First of all, you have to determine if you are truly too busy. Many of you have full-time jobs and are part-time musicians who hope to one day be full-time musicians. You play shows in and out of your own town on the weekends and work in the evenings (or at your day jobs....don't worry, I won't tell) to promote your band. This involves writing and sending out press releases or newsletters about your band to your fans and to media types such as music editors, radio programmers and concert promoters. Basically, if you are at the level where your shows are increasing and your fan base is increasing steadily, and requests for interviews are starting to come in, it's time to at least think about hiring outside help.
A good music publicist is not cheap. You can expect to pay anywhere from $500 to $1000 per month or more for an "entry level" music publicist. And most of them have campaigns with a three-month or six-month minimum. But many bands are able to pay this if they are making enough money through touring, or if they have a budget for hiring outside help (many artists today even attract investors for help).
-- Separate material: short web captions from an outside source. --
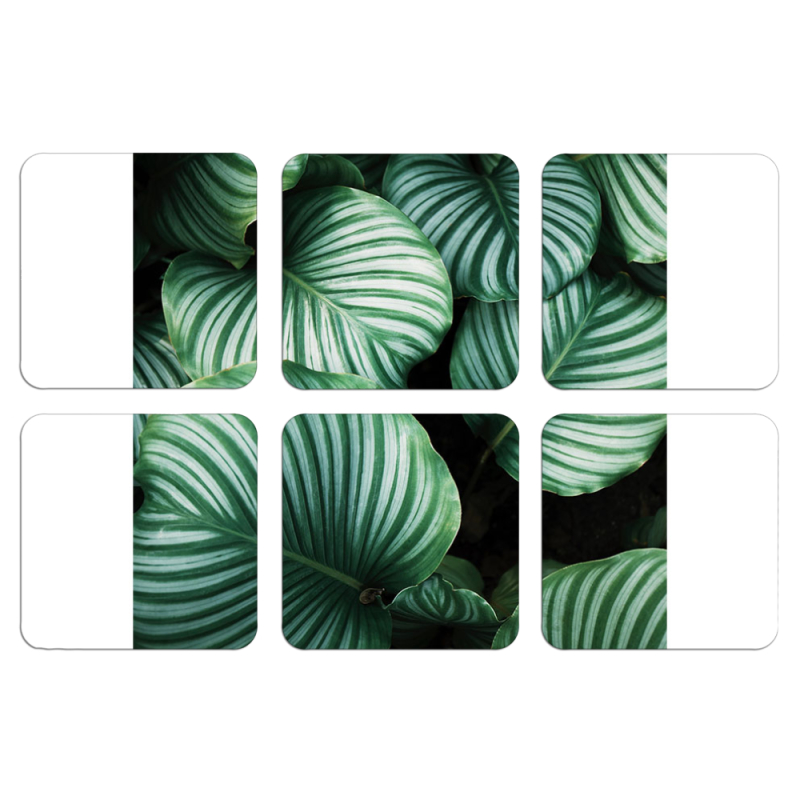 Магнитные фотопазлы 50 на 50 набор 6 штук 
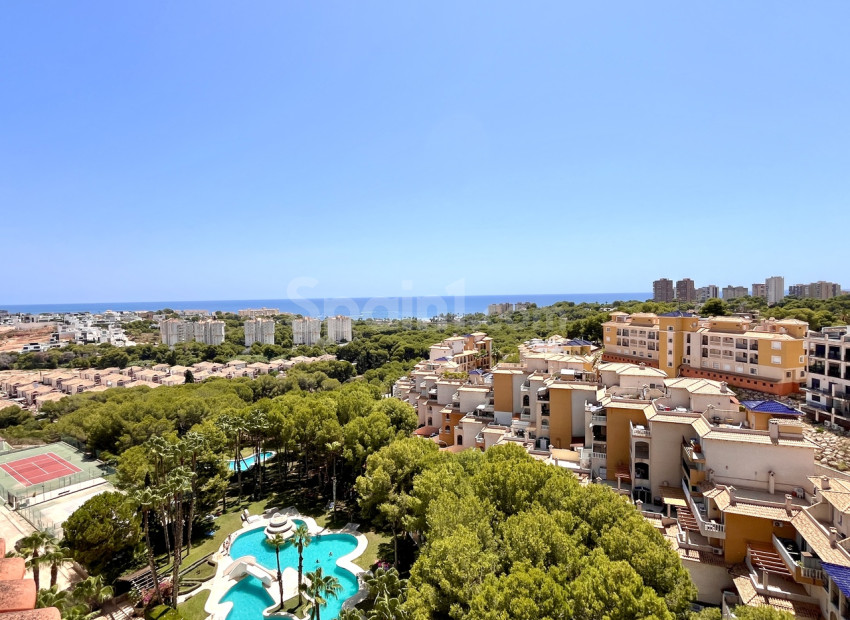 Resale - Apartment -
Dehesa de Campoamor - Campoamor
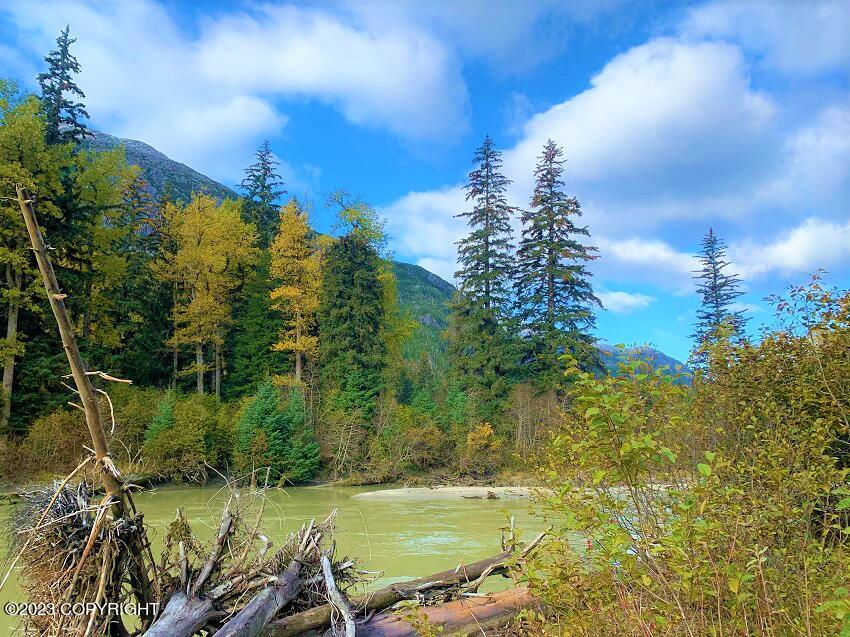 Nhn SW Ferebee River Avenue, Haines, Alaska image 14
The upside is that hiring a good publicist can help you get to the next level. They have contacts at a national level and in each touring market that you probably don't (other than in your hometown) and can reach out to them with ease about the artists they represent. What's more, they have earned the respect of the people they are pitching to, because those music editors and radio/TV producers equate certain publicists' legitimacy by the roster they represent. And that kind of connection is invaluable if you are trying to accelerate your band's recognition.
Additionally, if you are this level and you have a manager already, often it is your manager who will hire a publicist and deal with them on a day to day basis.
So what should you expect from a publicist once you hire them? You should expect someone who is professional, friendly, courteous, a good writer, and someone who has a wealth of contacts and a track record for landing media coverage. You should expect a weekly or monthly report that details all of the placements, and you should also expect online links to coverage or hard copies of articles that have been published.
What you shouldn't expect is repeated media coverage in your home market. Most bands overplay their hometown, and generally newspapers as well as radio will only cover your band for a CD release show or big event, not for every pub gig you play. For that matter, you make things much easier on a publicist if you give them a big event with an angle, such as a CD release, or a string of tour dates across different markets, even if they are just weekend shows.
Now, if you've read this all and still feel like you have the time, and either the contacts or the sales ability to tackle this yourself, I don't think there is anything wrong with that. This way, you can save money, learn how the business works, and build your own buzz. There are reference guides such as the Billboard Guide to Touring or the Musician's Atlas. Both of these have great contact information broken down nationally, or by touring market.